The robot deceleration rate computation/determination unit 128 computes the deceleration rate which is a ratio between the scanning speed computed by the robot movement-based computation unit 123 and the scanning speed output from the acceleration/deceleration computation unit 124. The deceleration rate may also be expressed as a ratio between the instructed speed described in the program and the laser scanning speed observed on the workpiece 13. The robot deceleration rate computation/determination unit 128 notifies this deceleration rate to the override unit 115 of the robot controller 110 described above. Note that the robot deceleration rate computation/determination unit 128 may determine whether or not the deceleration rate is to be notified to the override unit 115 before the notification. For example, notification may not be performed when the deceleration rate is not equal to or smaller than a predetermined threshold value. The robot deceleration rate computation/determination unit 128 is a characteristic element of the scanner controller 120 according to this embodiment.

In this manner, the remote laser welding robot system 100 according to this embodiment has a route for notifying the robot of the occurrence of deceleration on the side of the scanner toward the robot controller 110 from the scanner controller 120. As an interface for this route, according to this embodiment, the override unit 115 and the robot deceleration rate computation/determination unit 128 are newly added.

In the related art, an instructed route is deviated from an actual machining route because the robot side does not know an acceleration/deceleration motion of the scanner side. Meanwhile, according to this embodiment, the robot side can detect acceleration or deceleration of the scanner side. Therefore, it is possible to allow a motion of the robot 30 to follow acceleration or deceleration of the scanner 10. As a result, even when acceleration/deceleration occurs in the scanner side, it is possible to match an instructed route with an actual machining route.

Operations of the scanner controller 120 side of the remote laser welding robot system 100 will be described in more details with reference to the flowchart in FIG. 6.

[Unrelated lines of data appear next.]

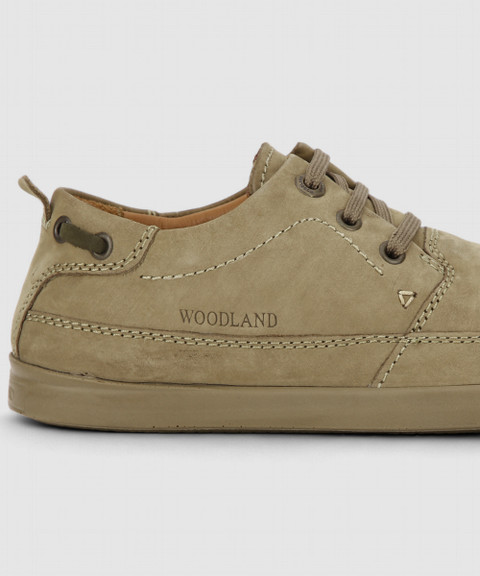 WOODLAND Sneakers For Men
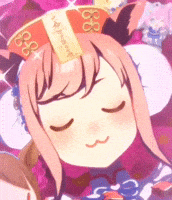 lightstralyn umamusume agnes digital digitan GIF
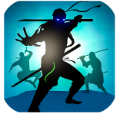 暗影英雄功夫大战(Shadow Fighter Heroes: Kung Fu M)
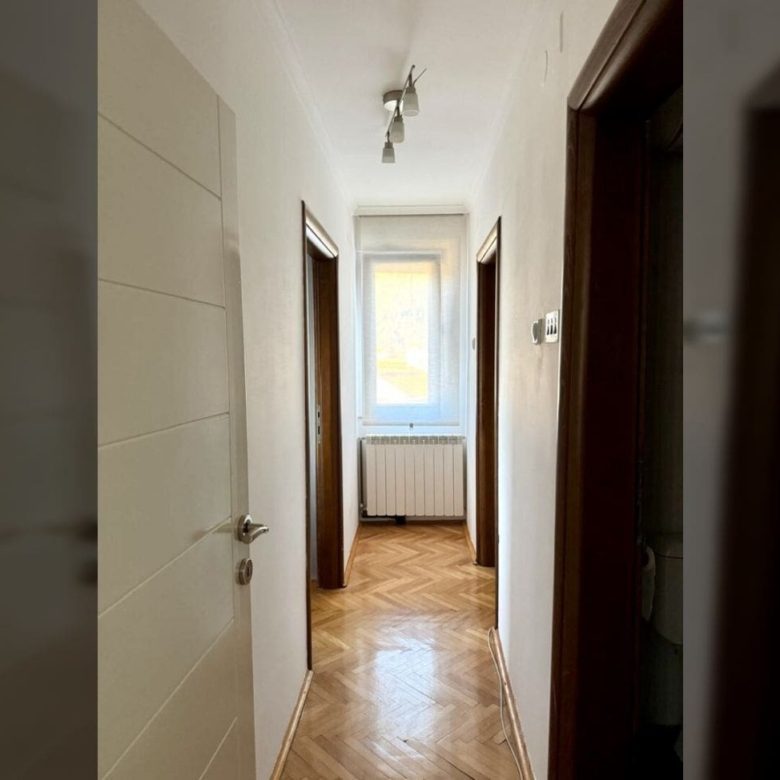 Family Apartment for Rent Seljanovo Tivat with Panoramic Views — Montenegro
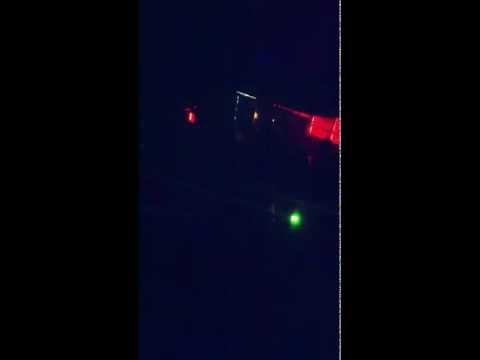 DJ Branchez , Express Cafe , Kavadarci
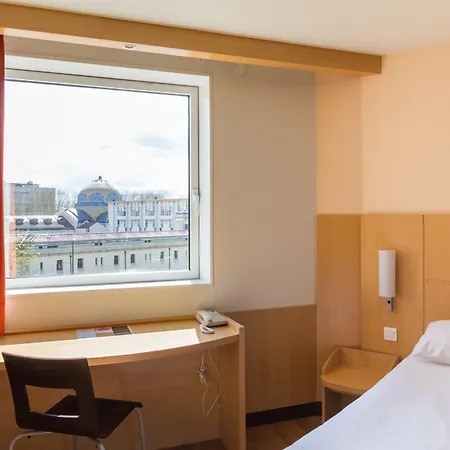 Ibis 3* 비시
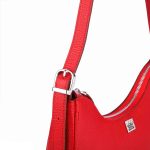 کیف دوشی زنانه رویال چرم کد W137 - Image 6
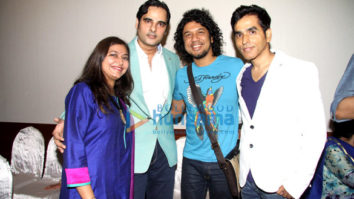 Neha Rajpal, Monjoy Joy Mukerji, Papon
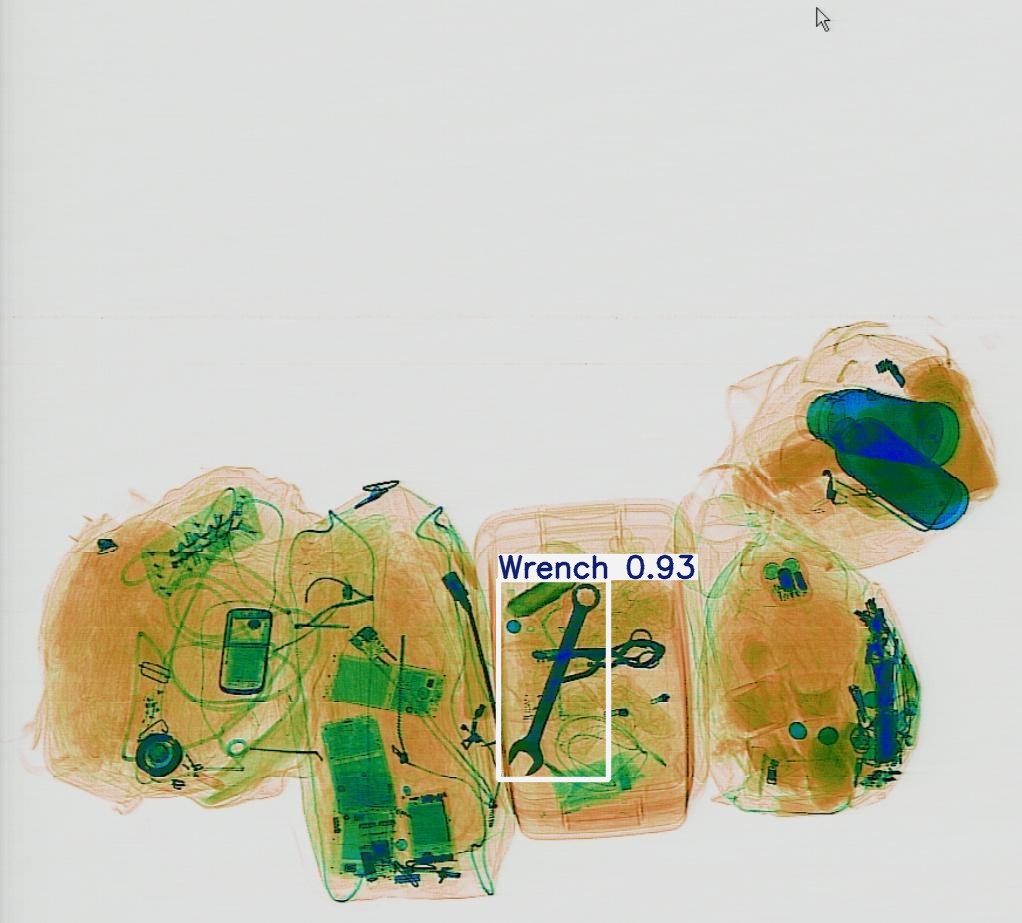 Detection preview by Box_v11_medium_train_SIXray_OPIXray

Step S1: the program analyzer 121 analyzes a program to compute a laser scanning speed (instructed speed). The robot movement-based computation unit 123 corrects the instructed speed considering the movement of the robot 30 (this is set as an instructed speed A).

Step S2: the acceleration/deceleration computation unit 124 performs a control for decelerating the instructed speed A, for example, when the scanning route includes a corner portion or the like (here, the decelerated speed is set as a speed B).

Step S3: the robot deceleration rate computation/determination unit 128 computes a deceleration rate which is a ratio between the instructed speed A and the decelerated speed B. For example, a ratio of the decelerated speed B to the instructed speed A expressed by a percentage may be set as deceleration rate. However, without limiting thereto, the deceleration rate may also be defined in any other expression.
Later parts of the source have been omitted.